靖康之变的梦魇降临在中原大地上,仿佛人人都在与死神赛跑。

靖康二年(1127)八月,身在青州的李清照,听闻丈夫赵明诚已被任命为江宁知府兼江东经制副使,便着手准备南下。

收拾行李时,44岁的李清照看着屋内那些付出无数心血收集得来的金石书画,只能忍痛取舍。她先去掉印本较多的书籍、有多幅存世的画作以及无款识的古物,再去掉国子监所刻印的官方书籍、画工较为平常的画以及太过沉重的古物。

经过几番割舍,夫妇二人收藏的金石书画还剩下15车。随后,李清照怀着家国之痛,带着这些珍藏,加入南渡逃难的队伍中。十二月,青州沦陷,夫妻二人在青州的十余间住屋毁于战火,屋中余下金石书画被焚。

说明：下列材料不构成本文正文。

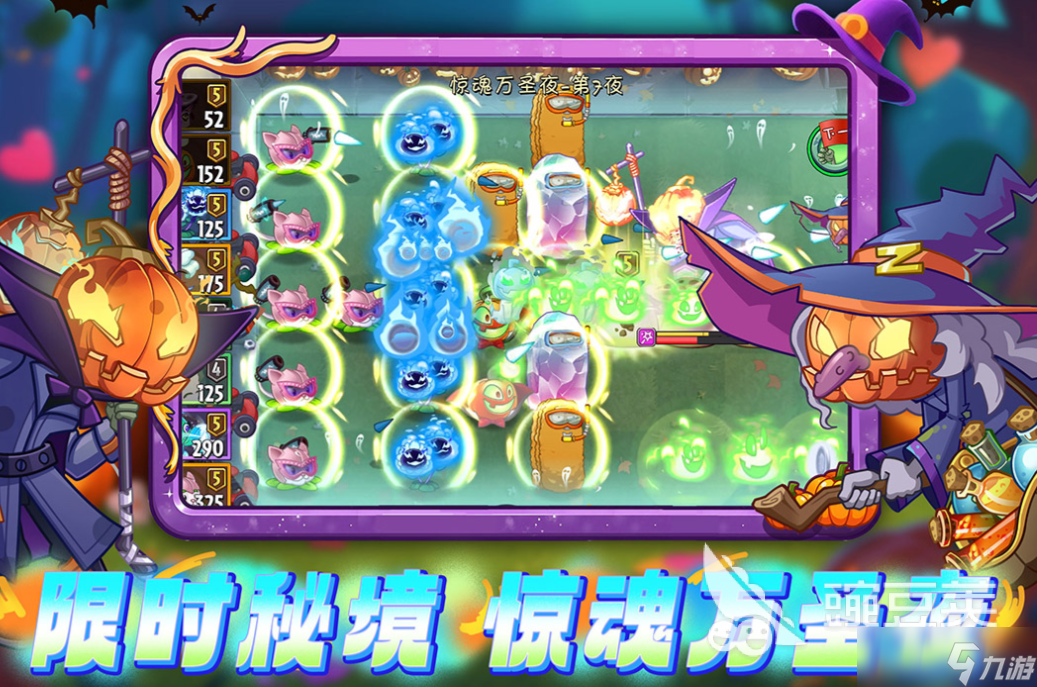 pvz是什么游戏 好玩的pvz游戏盘点2025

第二年,李清照与赵明诚在建康(今江苏南京)重逢,惊魂甫定。这首《添字丑奴儿》大约作于此时:

窗前谁种芭蕉树?阴满中庭。阴满中庭。叶叶心心,舒卷有余情。

伤心枕上三更雨,点滴霖霪。点滴霖霪。愁损北人,不惯起来听。

初到南方的李清照辗转难眠,半夜望着窗外雨打芭蕉,流露出飘泊沦亡之感。扎根于南方的芭蕉有雨露的滋润,失去故土的北人却居无定所。剧变的时代中,千千万万南下避难的北人,迎来了他们被撕裂的后半生,感伤时世的词人们,记述着这段艰辛的南渡之途。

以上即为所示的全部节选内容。